Task> Pictures stay out of the copy, and everything else in the data below is repeated exactly.

Provided material>
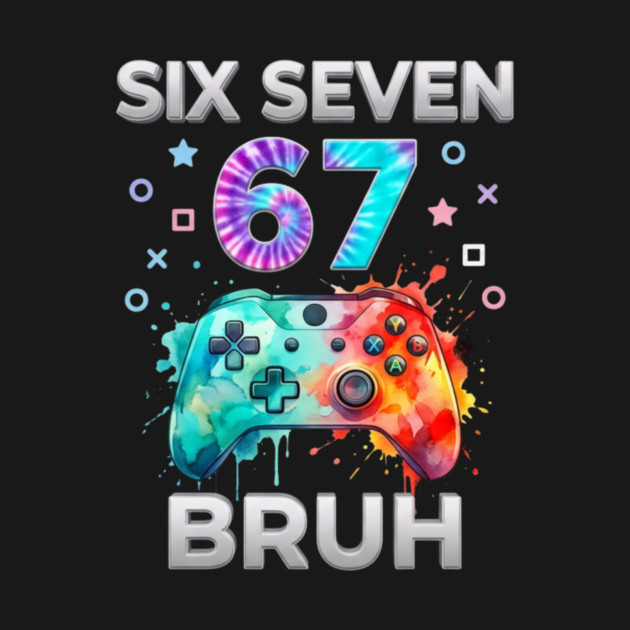 Six Seven 67 Bruh Gamer Birthday by ArtistTee ⭐⭐⭐⭐⭐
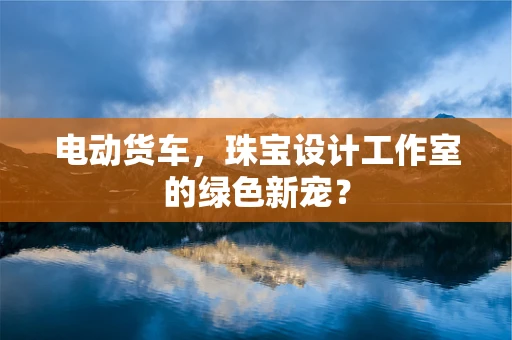 电动货车，珠宝设计工作室的绿色新宠？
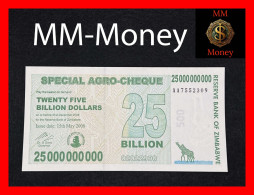 ZIMBABWE 25 Billion $  15.5.2008   P. 62  "agro Cheque"    UNC - Zimbabwe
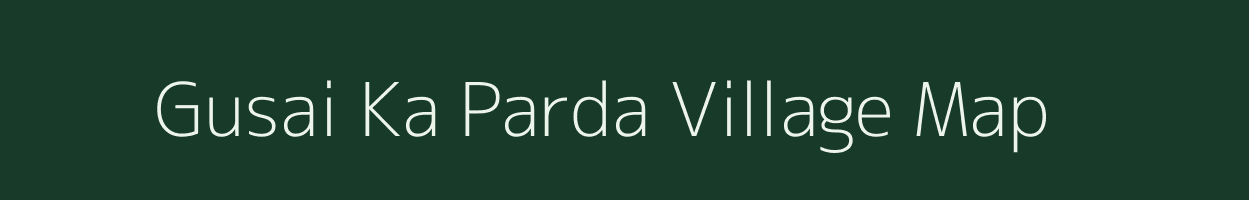 Gusai Ka Parda village map in Rajasthan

Solution for this exercise>
 Six Seven 67 Bruh Gamer Birthday by ArtistTee ⭐⭐⭐⭐⭐
 电动货车，珠宝设计工作室的绿色新宠？
 ZIMBABWE 25 Billion $  15.5.2008   P. 62  "agro Cheque"    UNC - Zimbabwe
 Gusai Ka Parda village map in Rajasthan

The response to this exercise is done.